Now, if only they would bother with some HD content.  No point in having a Mpeg4 DTT system if everything is SD.  Have you seen the RTE News channel yet (might need a tune in), non stop with fuzzy picture repeats of the news with sharp/clear (if still SD) on screen graphics!


----------



## RMCF (4 Jan 2010)

Towger said:


> Now, if only they would bother with some HD content.  No point in having a Mpeg4 DTT system if everything is SD.  Have you seen the RTE News channel yet (might need a tune in), non stop with fuzzy picture repeats of the news with sharp/clear (if still SD) on screen graphics!



I was under the impression that Freeview cannot carry HD signals as it stands?

FreeviewHD has been getting touted recently as arriving in the UK this year, but that will require the user to buy a new set-top box.


----------



## Towger (4 Jan 2010)

RMCF said:


> I was under the impression that Freeview cannot carry HD signals as it stands?
> 
> FreeviewHD has been getting touted recently as arriving in the UK this year, but that will require the user to buy a new set-top box.

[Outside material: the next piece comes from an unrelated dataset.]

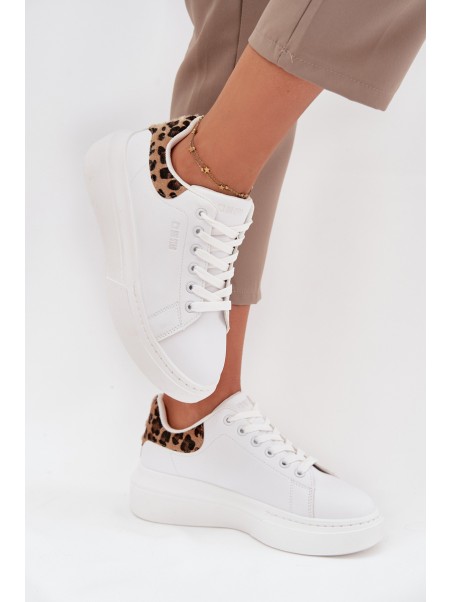 Womens Platform Sneakers Big Star SS274247 White Panther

The Irish DDT system is already HD capable, one of the advantages to lagging behind other countries by 10 years!


----------



## wishbone (4 Jan 2010)

Towger said:


> Now, if only they would bother with some HD content. No point in having a Mpeg4 DTT system if everything is SD. Have you seen the RTE News channel yet (might need a tune in), non stop with fuzzy picture repeats of the news with sharp/clear (if still SD) on screen graphics!


 
Yes the news section currently isn't as good as the others, it is less sharp, but it is in test phase (I hope still for this part!) I find the quality of the others is excellent, RTE1&2, TV3 and TG4.  How do you know if it's HD or SD?  I have a HD (ready) TV and I think the pic is brilliant.


----------



## NOAH (8 Jan 2010)

You are right the pic quality is very good, I have watched it through HDMI, scart and pal and they are all good. I even upscaled it to 1080p. However I cant stand the RTE logos so I am scuppered.

When we get HD you can bet your bottom dollar they will degrade the SD picture to ensure we see a "difference" . This is very obvious with HD on the ASTRA 28% EAST platform.

noah


----------



## paulregan (14 Jan 2010)

Panasonic have Freesat built into some of the range if that helps anyone


----------



## z104 (24 Jan 2010)

If you just want the Irish DTT channels then look out for T.V.'s with MPEG 4.
If you have an MPEG 4 TV you will not need a set top box to convert.

You will get RTE1,RTE2,TG4,TV3 and RTE News channel + a few radio stations. I'm sure more channels will be added in the future. I picked these up just using a metal clothes hanger so a proper aerial should pick them up no problem depending on how close you are to a tranmitter.


----------